Have you ever sat waiting at the forest entrance for a friend to meet up, only to have him or her flake, realizing that could’ve been time spent in the stand? When it comes to picking those you choose to go hunting with, it is not always easy, as you might both be great friends and you might both hunt, but that doesn’t mean you’re well-suited hunting partners. Below, we highlight the top five character traits to look for in a hunting partner, so the next time you go hunting, you might rethink who you take.
Making sure you and your hunting partner share a similar level of passion is important. If you only want to spend the morning calling gobblers and are ready to grab a burger by noon, make sure that your buddy doesn’t expect to call them from dawn to dusk. Or conversely, it’d be wise to make sure that your partner doesn’t plan on walking up on you in the stand ready to go after just a few hours. Finding someone with equal passion is key.
Making sure your hunting partner shares your level of passion in all regards is advantageous. It is not fun hunting with someone who makes it seem like you do all the work, whether it’s planting food plots, scouting or obtaining permission for private grounds.
While it’s key to have a hunting partner that is equally passionate, bringing someone that is a team player is great, too. Avoid bringing someone who is only interested in their hunt and their experience. You will be much better off taking someone who gets just as excited about helping you bag that boss gobbler as they would if it were theirs to tag.
Have you ever had to remind someone to renew their tags before hunting? A hunting partner that is well-prepared could save you a lot of time and hassle. If someone is consistently making you drive back to town to grab their tags, shells, harness or even their gun because they forget, it might be time to start taking someone who isn’t costing you gas money or time.
Mentoring is something everyone should do as often as possible; however, while it is great to teach and pass along proper field technique as a mentor, sometimes you want to be behind the bow or gun. On the days when you do, making sure your partner is self-sufficient and capable in the woods can make for a more enjoyable hunt. Many hunters mentor early in the season and hunt on their own later when hunting can be more challenging.
This one is self-explanatory but also can’t be emphasized enough; having a hunting partner that is punctual will make for a better day the woods. Whether you’re meeting somewhere to carpool or if you’re meeting at the forest entrance, having a partner who is rarely on time can almost always ruin the hunt.
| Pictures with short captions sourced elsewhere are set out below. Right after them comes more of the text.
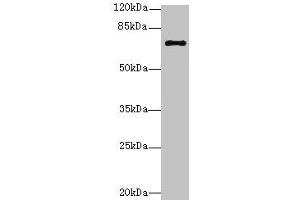 Western blot All lanes: RHOBTB3 antibody at 12 μg/mL + Hela whole cell lysate Secondary Goat polyclonal to rabbit IgG at 1/10000 dilution Predicted band size: 70 kDa Observed band size: 70 kDa (RHOBTB3 anticorps  (AA 251-500))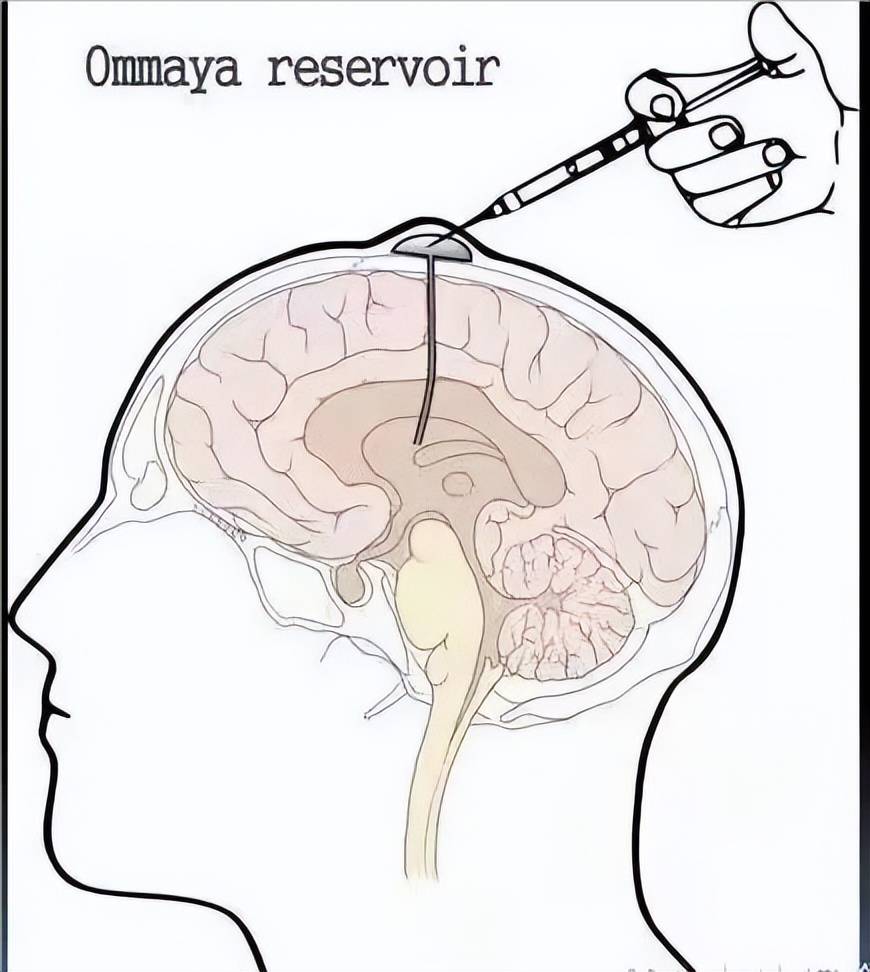 脑脊液引流术图片图片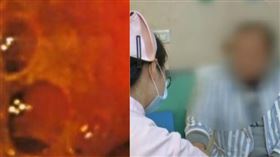 愛吃重鹹！男腸道長60多顆肉色珍珠（圖／翻攝自看看新聞）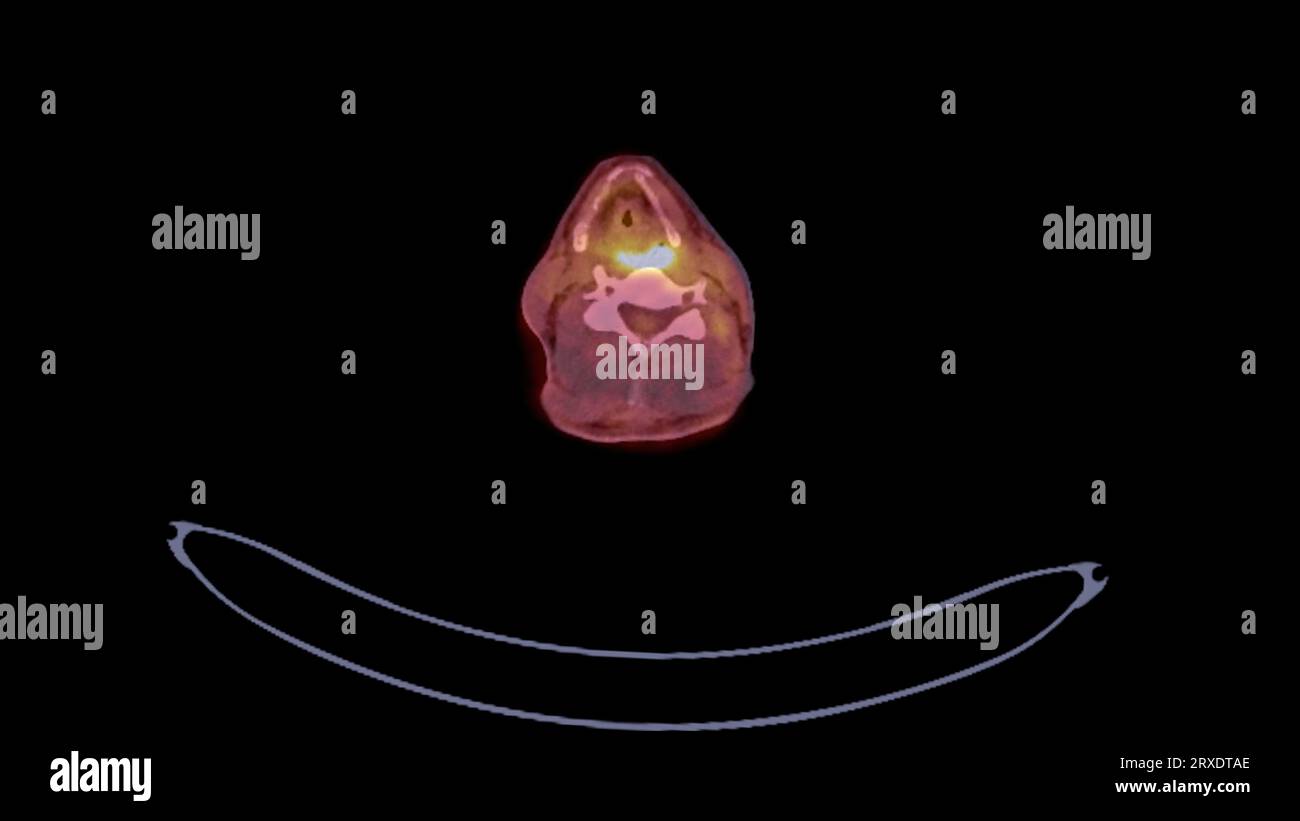 Image PET CT du plan axial du corps humain entier. Tomodensitométrie par émission de positons. Banque D'Images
We all have that relative or friend who won’t let you live down the fact that they shot more doves than you, that is impatient after only two hours in the woods or always forgets a must-have item needed for a hunt; sometimes you have to go hunting with these people because you love them, but more often than not, you get to decide who you choose to take into the woods. Hopefully, these five character traits provide some insight on making your time in the woods with a hunting partner more enjoyable.